§ **YOUR TASK**
Please copy every line from the records below that contains the string "колпак".
-- MATERIAL PROVIDED follows --
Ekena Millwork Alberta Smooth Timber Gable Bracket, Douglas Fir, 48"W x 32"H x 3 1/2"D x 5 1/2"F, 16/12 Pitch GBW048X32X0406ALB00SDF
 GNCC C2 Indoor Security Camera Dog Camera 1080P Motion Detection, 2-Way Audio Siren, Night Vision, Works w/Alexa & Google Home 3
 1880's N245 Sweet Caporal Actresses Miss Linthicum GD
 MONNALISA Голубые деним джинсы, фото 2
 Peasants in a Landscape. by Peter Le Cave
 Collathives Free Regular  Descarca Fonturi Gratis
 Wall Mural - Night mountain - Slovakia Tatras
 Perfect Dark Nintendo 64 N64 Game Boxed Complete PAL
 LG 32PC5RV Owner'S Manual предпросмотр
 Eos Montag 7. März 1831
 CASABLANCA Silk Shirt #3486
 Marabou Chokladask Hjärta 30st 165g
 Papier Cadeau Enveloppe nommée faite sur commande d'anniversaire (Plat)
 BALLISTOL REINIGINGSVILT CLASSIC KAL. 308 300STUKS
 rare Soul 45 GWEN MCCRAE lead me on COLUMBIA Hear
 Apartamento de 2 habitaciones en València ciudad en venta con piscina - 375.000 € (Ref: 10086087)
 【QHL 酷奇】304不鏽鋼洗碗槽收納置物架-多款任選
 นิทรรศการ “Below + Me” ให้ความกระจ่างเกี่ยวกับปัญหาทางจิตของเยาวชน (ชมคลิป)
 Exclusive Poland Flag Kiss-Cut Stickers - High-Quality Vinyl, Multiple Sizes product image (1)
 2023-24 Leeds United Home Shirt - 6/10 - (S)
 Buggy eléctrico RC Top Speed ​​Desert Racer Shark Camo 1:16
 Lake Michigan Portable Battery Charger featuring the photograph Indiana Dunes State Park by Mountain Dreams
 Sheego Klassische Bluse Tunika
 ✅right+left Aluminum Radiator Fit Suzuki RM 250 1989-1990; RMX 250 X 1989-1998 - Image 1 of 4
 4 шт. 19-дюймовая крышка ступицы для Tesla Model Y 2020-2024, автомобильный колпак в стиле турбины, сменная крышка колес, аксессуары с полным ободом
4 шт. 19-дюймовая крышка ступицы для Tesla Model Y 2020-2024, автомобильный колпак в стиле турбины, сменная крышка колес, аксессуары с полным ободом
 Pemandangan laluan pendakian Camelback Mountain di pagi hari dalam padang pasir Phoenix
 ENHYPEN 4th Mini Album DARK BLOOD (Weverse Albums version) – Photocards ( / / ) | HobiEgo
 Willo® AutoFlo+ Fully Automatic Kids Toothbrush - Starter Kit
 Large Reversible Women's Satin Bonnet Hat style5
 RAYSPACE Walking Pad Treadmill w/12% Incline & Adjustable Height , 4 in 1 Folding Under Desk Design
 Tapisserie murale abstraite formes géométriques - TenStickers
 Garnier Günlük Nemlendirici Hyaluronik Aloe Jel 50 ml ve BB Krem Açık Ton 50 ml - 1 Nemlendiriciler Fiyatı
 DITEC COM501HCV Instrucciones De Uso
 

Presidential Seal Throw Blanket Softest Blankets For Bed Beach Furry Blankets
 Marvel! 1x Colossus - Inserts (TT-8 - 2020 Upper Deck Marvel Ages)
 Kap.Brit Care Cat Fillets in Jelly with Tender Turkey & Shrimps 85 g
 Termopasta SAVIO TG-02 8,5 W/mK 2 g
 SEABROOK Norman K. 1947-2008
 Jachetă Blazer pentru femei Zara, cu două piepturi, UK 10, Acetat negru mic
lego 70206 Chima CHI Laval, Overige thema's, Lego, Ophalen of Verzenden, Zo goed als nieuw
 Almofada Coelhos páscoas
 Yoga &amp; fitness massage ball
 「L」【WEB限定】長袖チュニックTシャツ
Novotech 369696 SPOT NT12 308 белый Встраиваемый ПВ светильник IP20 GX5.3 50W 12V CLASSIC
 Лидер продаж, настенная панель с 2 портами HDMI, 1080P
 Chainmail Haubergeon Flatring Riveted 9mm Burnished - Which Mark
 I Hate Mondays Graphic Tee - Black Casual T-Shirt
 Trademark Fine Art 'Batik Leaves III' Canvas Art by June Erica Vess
-- MATERIAL PROVIDED concluded --
§ **SOLUTION TO THE PROBLEM**
 4 шт. 19-дюймовая крышка ступицы для Tesla Model Y 2020-2024, автомобильный колпак в стиле турбины, сменная крышка колес, аксессуары с полным ободом
4 шт. 19-дюймовая крышка ступицы для Tesla Model Y 2020-2024, автомобильный колпак в стиле турбины, сменная крышка колес, аксессуары с полным ободом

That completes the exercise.